From 1990 to 1996, Jørgensen was in the military and deployed as a UN soldier.

In 1999, Jørgensen would make his second trip to Makalu, after the mountain claimed his climbing partner Per Lyhne. He arrived prepared for the summit push, leading an expedition of experienced climbers, André Gorge Marchal, who had summited eight eight-thousanders, and Ilgvars Pauls, who had climbed five previously. Despite their experience, weather made climbing conditions difficult on the mountain. On 30 April 1999, Jørgensen became the first Dane to summit Mount Makalu (8,462 m), the world's fifth highest mountain.

On the descent, a rope broke, causing Jørgensen to fall over 500 m to his death.

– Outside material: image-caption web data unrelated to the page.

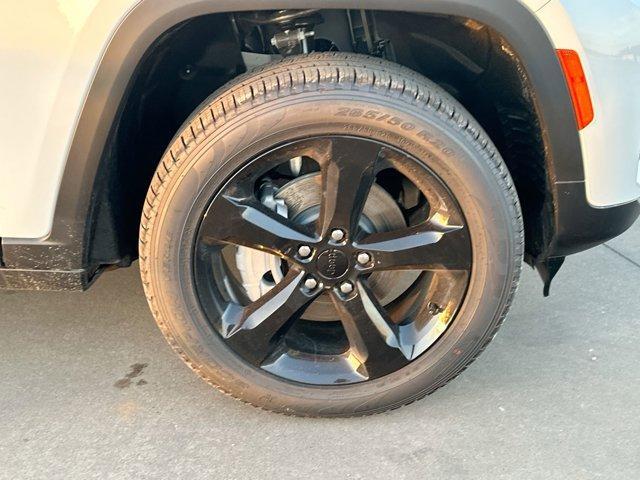 new 2025 Jeep Grand Cherokee car, priced at $46,351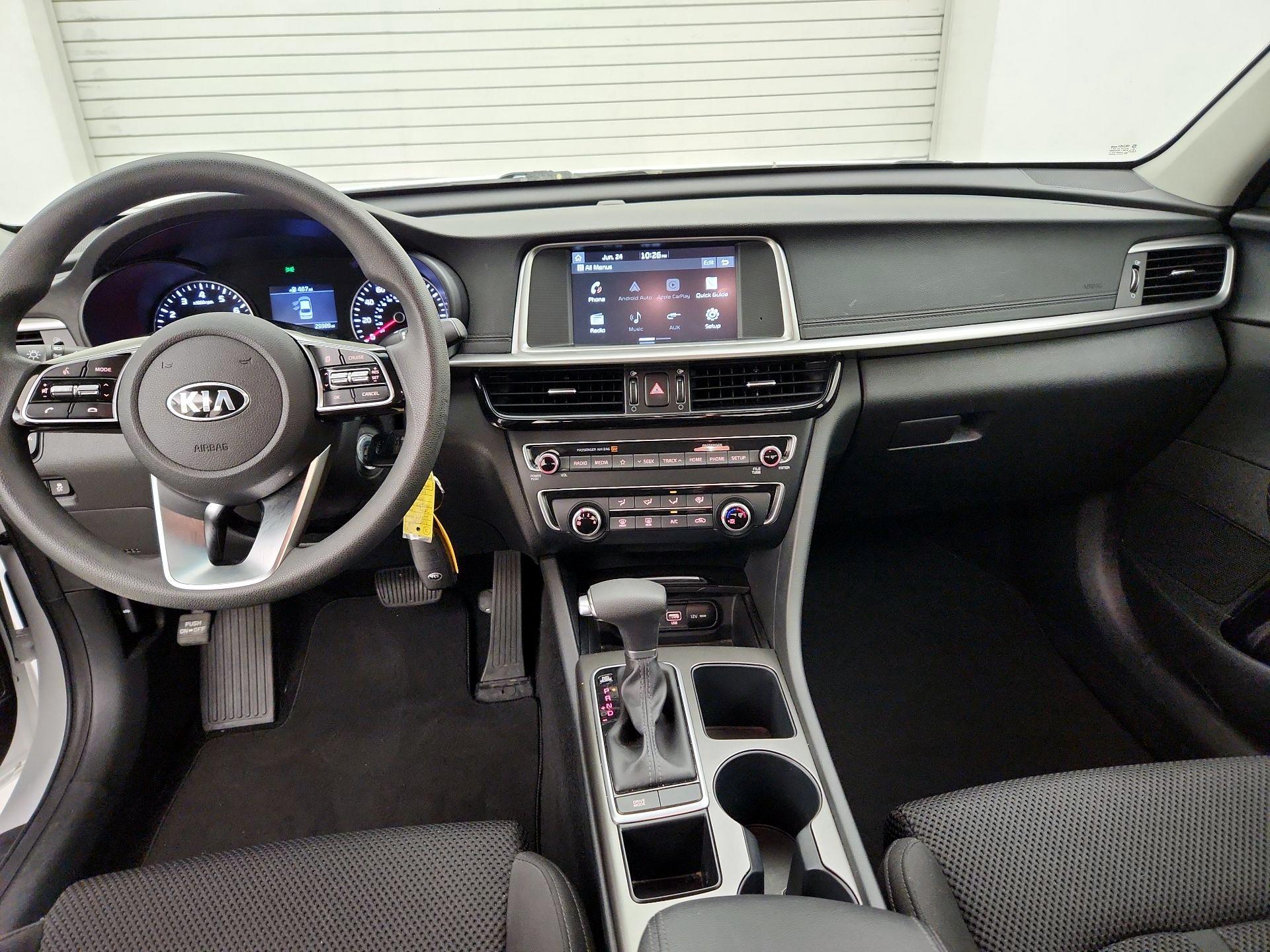 Thumbnail: 2019 Kia Optima - 9
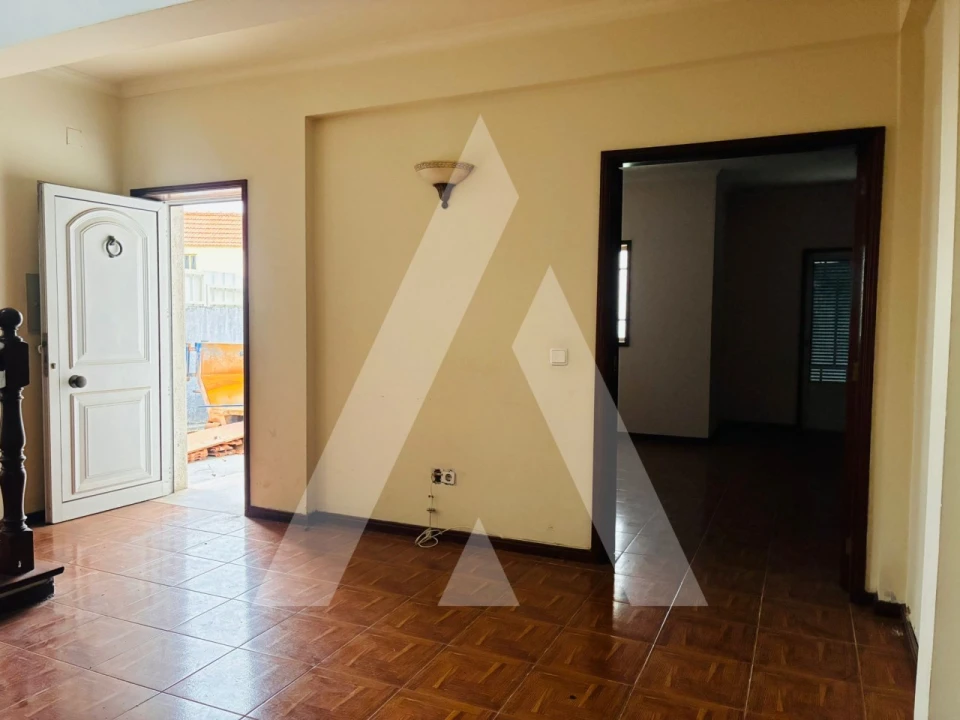 Moradia T4 para Venda em Esgueira Foto 8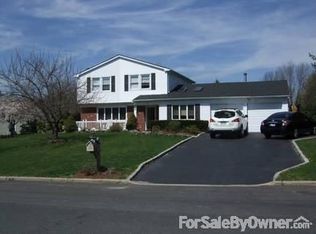 9 Arbor Ridge Ln, South Setauket, NY 11720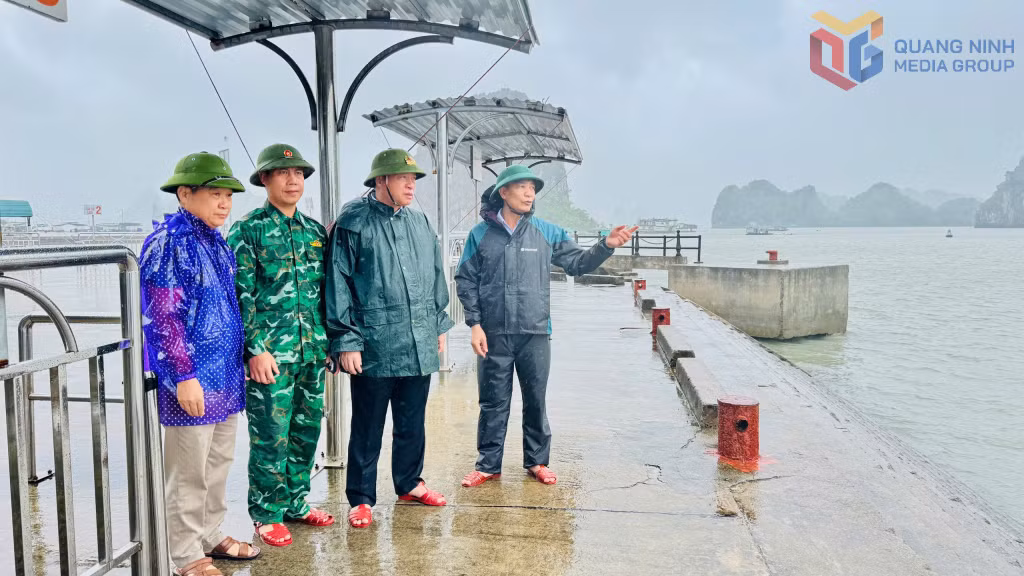 Đồng chí Vũ Đức Hưởng, Chủ tịch UBND đặc khu Vân Đồn, cùng các lực lượng trực tiếp kiểm tra tại cảng Cái Rồng.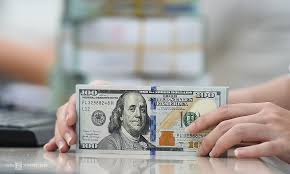 Why Bank and Black Market Exchange Rates Are Diverging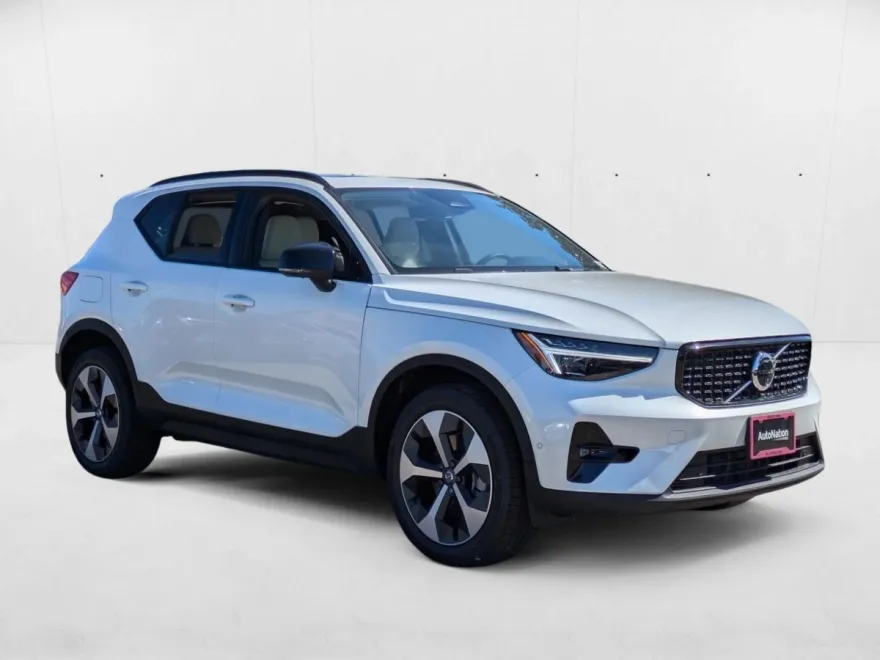 2026 Volvo XC40 Plus photo 1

Jørgensen's body later came to rest nearby Makalu's camp 3, where it became a feature for other climbers in their pursuit to the summit.

== Notable climbs ==
Sources:
- May 1995: Climbs Mount Everest using artificial oxygen, first Dane to summit the top.
- May 1996: Attempts both to climb Mount Everest without the use of oxygen cylinders and Lhotse, the world's fourth highest mountain, but both attempts have to be abandoned. Experienced the worst night in Mount Everest's history, when eight people die in a storm.
- January 1997: Summitted Mount Vinson in Antarctica.
- February 1997: Climbs Aconcagua in South America.
- May 1997: Guide on Henry Todd's expedition and climbs Lhotse.
- September 1997: Participates in a Danish-Nepalese expedition to Makalu, where climbing partner Per Lyhne dies. He fails to reach the top.
- September and October 1998: Climb Mt. Kilimanjaro and Mt. Kenya in Africa.
- April 1999: Makes another attempt to climb Makalu - dies on 30 April during the descent after a successful summit.